Quand Hervé Bazin parle de Françoise Bernard
Le destin est facétieux. La semaine dernière, je rendais hommage à Françoise Bernard (je vous repasse l’article plus bas).
Et voilà que cette semaine, en triant des vieux cartons de livres, je tombe sur ce roman d’Hervé Bazin publié en 1991, que j’ai envie de relire. C’est la suite du Matrimoine, publié en 1967. Le narrateur Abel Bretaudeau y est avocat et raconte sa famille alors que la femme s’est émancipée et que les hommes ont un nouveau rôle à jouer au sein de la famille, y compris en ce qui concerne les tâches ménagères.
Et figurez-vous que dans le deuxième chapitre intitulé 1970, je lis ça :
« Ce bon larron parti, j’ai préparé la défense d’un autre. Puis, en vertu de la répartition, je suis passé dans les chambres des enfants, rentrés entre-temps, pour jeter un œil sur les devoirs. Enfin j’ai rejoint la cuisine.
Réception Bretaudeau ! Jamais plus d’une par mois. Les Gouveau se sont décommandés. Nous n’aurons que Gilles, Tio et les Dumoret. Mariette ne rentre jamais avant sept heures. À moi donc de préparer au moins une partie du menu. Le programme est affiché sur une ardoise. Mais comme je m’y attendais, coup de sonnette : l’oncle arrive « pour m’aider ». À vrai dire il m’agace, car c’est plus fort que lui, chaque fois qu’il me voit, harnaché de mon costume anthracite, cravaté, chaussé de souliers bien cirés par moi-même, m’enfouir dans un vaste tablier à poche ventrale et cordons noués dans le dos, il pouffe… et m’apprend qu’en acceptant l’office je ressens comme lui le déguisement.
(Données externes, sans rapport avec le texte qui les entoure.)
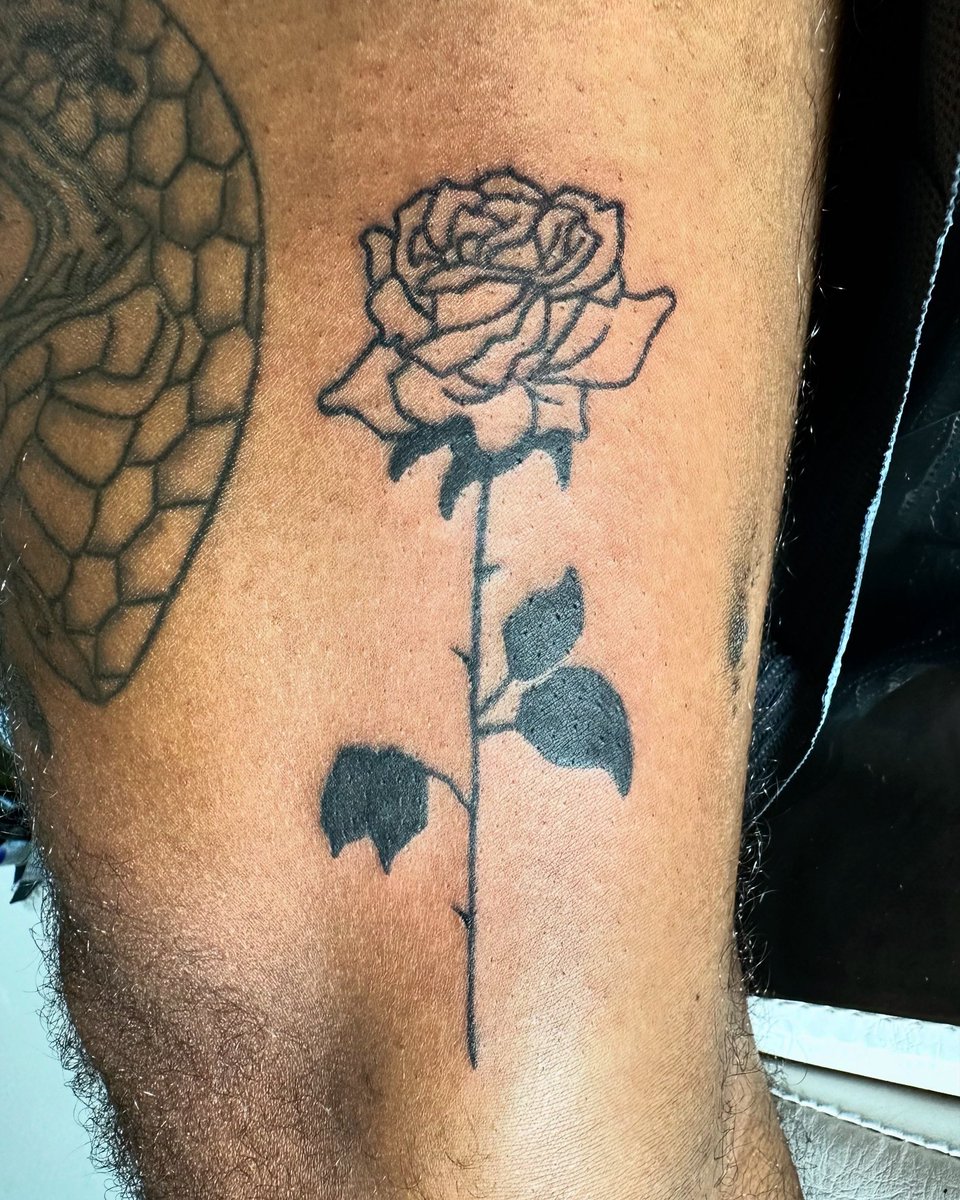 ShinobiChrist's tweet photo. TATTOO SALE 🥀 Small/Flash Tattoos = $100 HMU 📥🔪 https://t.co/nXgKkQrlLY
Tant pis ! Il arrive, il enlève sa veste, il demande :
— Je te passe quoi ?
— Le plat à four.
Son assistance consiste à tout bousculer dans le placard pour trouver l’ustensile, mais surtout à parler d’anciens gueuletons de mess, tandis que je consulte les Recettes faciles (paraît-il) de Françoise Bernard pour mettre au point un rôti de chevreuil aux pommes : rôti retiré de la marinade où il se parfumait depuis trois jours et que j’installe sur le plat beurré, tapissé d’aromates et de petits légumes.
— Hé ! dit Tio. La viande a noirci.
Très peu. Parce qu’elle n’a pas été assez souvent retournée. Mettons le vilain côté en dessous. Pour la gloire, j’épluche les pommes en vrille, d’un seul tenant. J’en rate deux en songeant que ce n’est pas de l’article 1614 que je peux exciper dans l’affaire Blésiez contre Arsenal ; la rescision pour lésion n’a pas lieu en faveur de l’acheteur…
— Passe-moi le vide-pomme. »
L’école des Pères, Hervé Bazin, Éditions du Seuil 1991, pages 70- 71 de l’édition Le Grand Livre du Mois.